モジュールをロードするrequireの機能に加え、use にはそのモジュールの機能の一部を import することができます。
importされちゃう例
たとえば
use Data::Dumper;
と書いておくとDumper関数が使えるようになりますね。use File::Pathでmkpathやrmtreeが使えるようになります。
この「使えるようになる」というのは、つまりはuseした場所の名前空間(デフォルトではmainパッケージ)にこれらの関数が勝手に挿入される、ということなのです。これをやるのがimport。useすると Data::Dumperの中にあるimport関数が呼ばれ、そいつが自分ちのDumperをあんたのところから直接呼び出せるようにしてくれる、と。
このimportがもしなかったら。require Data::Dumper であったなら、
Data::Dumper::Dumper(…);
といちいちパッケージをちゃんと全部指定して呼び出さないといけない。あるいはオブジェクト指向的な関数のほうを呼び出さないといけない。
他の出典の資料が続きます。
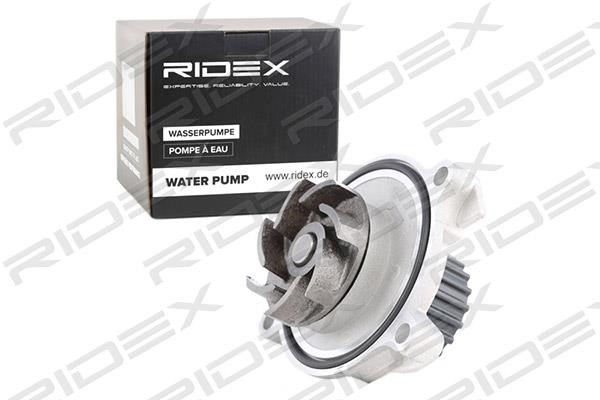 Ridex 1260W0011 Water pump 1260W0011: Buy near me in Poland at 2407.PL - Good price!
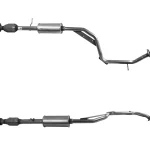Catalytic Converter for Mazda 5 2.0 – BM91743H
my $dd = Data::Dumper->new(…); $dd->Dump(….);
この「関数のご提供」の仕方はモジュールによってさまざまです。たとえばもうuseした瞬間に勝手に関数が使えるようになっちゃうやり方もあるし、使いたいやつだけuse文の後ろにごにょごにょ書くというタイプもあります。
たとえば File::Copy はファイルをコピーする関数を提供するものですが、useしただけでcopyとかmoveという関数が使えるようになります。しかし以下のようにuseの後ろにインポートする関数を指定して、UNIX流の「cp」「mv」を使うこともできます。
use File::Copy “cp”, “mv”;
普通これダブルクォートが面倒なので qw を使って
use File::Copy qw/cp mv/;
なんて書いたりしますね。
さらに「このグループの関数群だけインポートする」とかができます。
たとえばCGIモジュールなどで
use CGI qw(:netscape);
なんて書くとNetscape独自拡張タグ用関数が使えるようになる、とか。まあいまどきこれ使うひとはなかなかいないと思いますが。
import関数の中身
…とまあ、こうした効能があるのですが、このimport、実際のPerlとしての動作はただ「モジュールのロードが終わったとき、その中にimportという名前の関数があれば実行する」というシンプルな代物です。
さきほどから書いている「関数を呼び出し元のパッケージでも使えるように…云々」というのはそのimportの中でモジュール開発者がそう実装するだけの話です。簡略化して書いてみると以下のようなコードになります。
package Hoge; sub import { my ($pkg, @imports) = @_; my $callpkg = caller(0); for my $sym (@imports) { *{$callpkg."::$sym"} = \&{$pkg."::$sym"}; } } sub prod { my ($a) = @_; return ($a > 1) ? $a * prod($a-1) : 1; } 1;
階乗を計算するprod関数を提供しよう、というものです。*{$callpkg."::$sym"} = …あたりが、元の空間に突っ込んでいる部分ですね。まあちょっと難しいことをしています。useの後ろに指定したシンボルは引数(上記で@imports)として渡されます。
そしてこれを、以下のようにuseすれば、呼び出し元でもprod関数が使えるようになります。
use Hoge qw(prod); print prod(5), "\n";
ただ毎回こんな風に実装する必要はなく、通常はExporterというモジュールを継承すればいいだけです。上記モジュールのようなことをしたければ、
package Hoge2; use base qw(Exporter); our @EXPORT_OK = qw(prod); sub prod { my ($a) = @_; return ($a > 1) ? $a * prod($a-1) : 1; } 1;
use baseと@EXPORT_OKのわずか2行でできます。そのほか、上の例では省略したエラーチェックなどもやってくれます。
ただ、importの仕組みを知っておくのは無駄ではないでしょう。要するにimportは普通の関数ですので、なんでも書ける。「関数などを提供する」という本来の意図とはちょっと違う挙動をこっそりやってくれるモジュール、なんてのが書けるわけですね。たとえば、useするだけで他のモジュールや既存の組み込み関数をこっそり置き換えてくれちゃう、とか…。
といったわけで、「なんだかよくわからないからrequireでいいや」などといわず、use, requireの勘どころを押さえて上手に使い分けていただければと思います。